Frontier Fiber (formerly known as Frontier FiOS) is a bundled Internet access, telephone, and (until 2021) television service provided by Frontier Communications that operates over a fiber-optic network within the United States.

==History==

In May 2009, Frontier announced that it would acquire Verizon's 4.8 million landlines leased to residential and small business customers in Arizona, Idaho, Illinois, Indiana, Michigan, Nevada, North Carolina, Ohio, Oregon, South Carolina, Washington, West Virginia, and Wisconsin, for $8.6 billion. In addition to the purchase of copper lines, Frontier also acquired the fiber-optic system built by Verizon in Fort Wayne, around Portland, and in some eastern suburbs of Seattle. These operations would continue to operate under the FiOS branding used by Verizon.

Frontier initially stated that it had no plans for changes after the transition.
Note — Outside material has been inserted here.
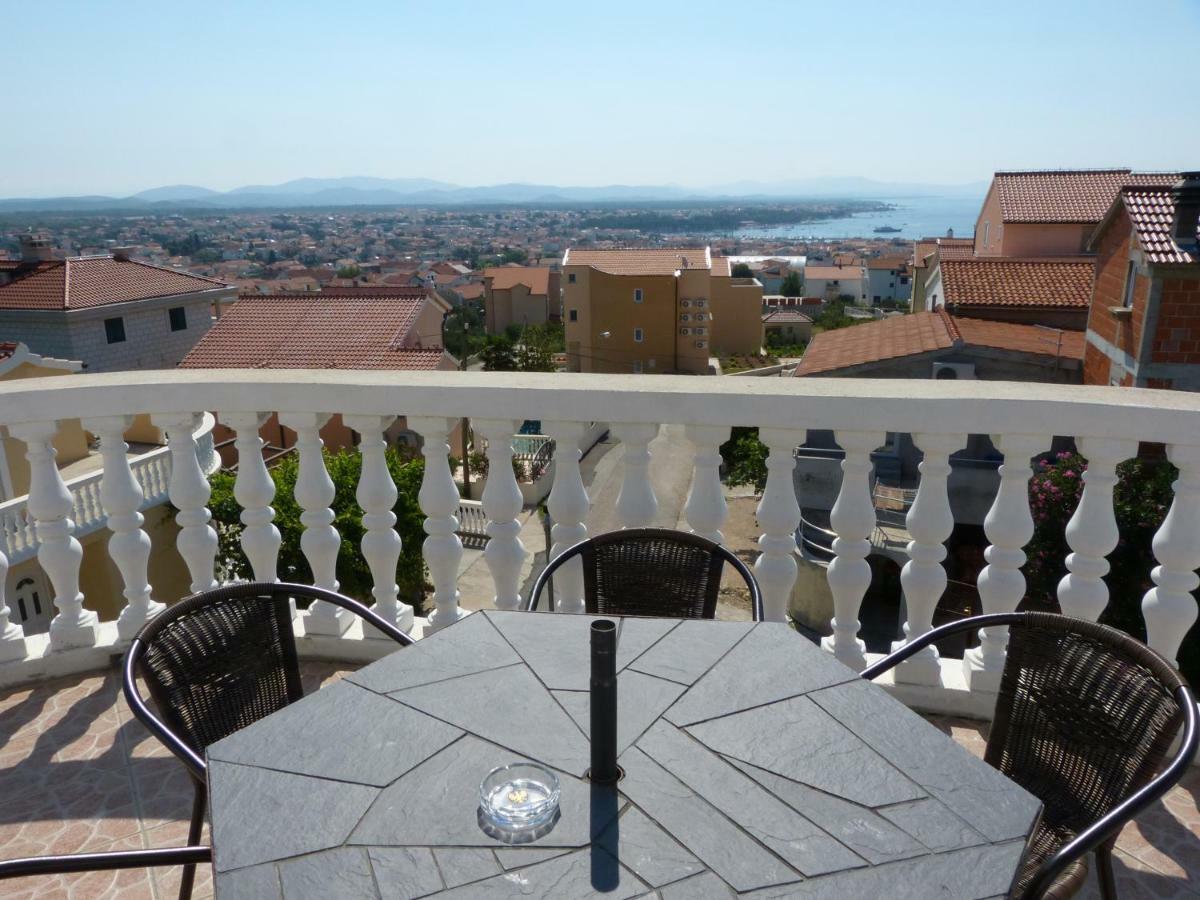 Apartments Reiter Vodice Dış mekan fotoğraf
However, the company later attempted to institute a $500 installation fee for new television subscribers, backed out of franchise agreements in some cities in Oregon, and increased rates by 50% in Indiana. Frontier later retracted the rate increases and installation fee but has not reclaimed franchises in the cities that it relinquished and not before losing FiOS TV subscribers.

On February 5, 2015, Frontier announced that it would also acquire Verizon's wireline assets in California, Florida and Texas for $10.5 billion. The transition took effect April 1, 2016; technical issues with the integration resulted in a disruption of service for many FiOS users in the markets, which continued for some in the weeks that followed. In May 2016, California assemblyman Mike Gatto announced a hearing over the matter, stating that "there has been an alarming rate of telephone and Internet outages in Southern California and consumers are frustrated with the lack of a solution to this months-long ordeal".

During the hearing, Frontier West president Melinda White stated that most of the issues were caused by incomplete customer data provided by Verizon for importation into its systems. White stated that less than 1 percent of its customers were affected, and that it would provide service credits to affected subscribers while it finished addressing the issues. Republican assemblyman Jim Patterson accused the California Public Utilities Commission (CPUC) of not placing enough oversight on the transition, deeming it a "failure of the fundamental role and responsibility" of the commission.

In May 2020, Frontier completed a sale of its assets in the Pacific Northwest to Ziply Fiber including the fiber-optic systems that it had acquired from Verizon in Washington and Oregon.

In late 2020, Frontier dropped the FiOS branding, renaming the service Frontier FiberOptic.

In 2021, Frontier announces plans to discontinue its in-house TV services and partnered with YouTube TV, freeing up its bandwidth for internet and phone. Frontier customers were paying the two services separately until March 27, 2023 when the companies offered integrated billing. While Frontier's TV service is still active, it has not accepted new customers since the company's announcement.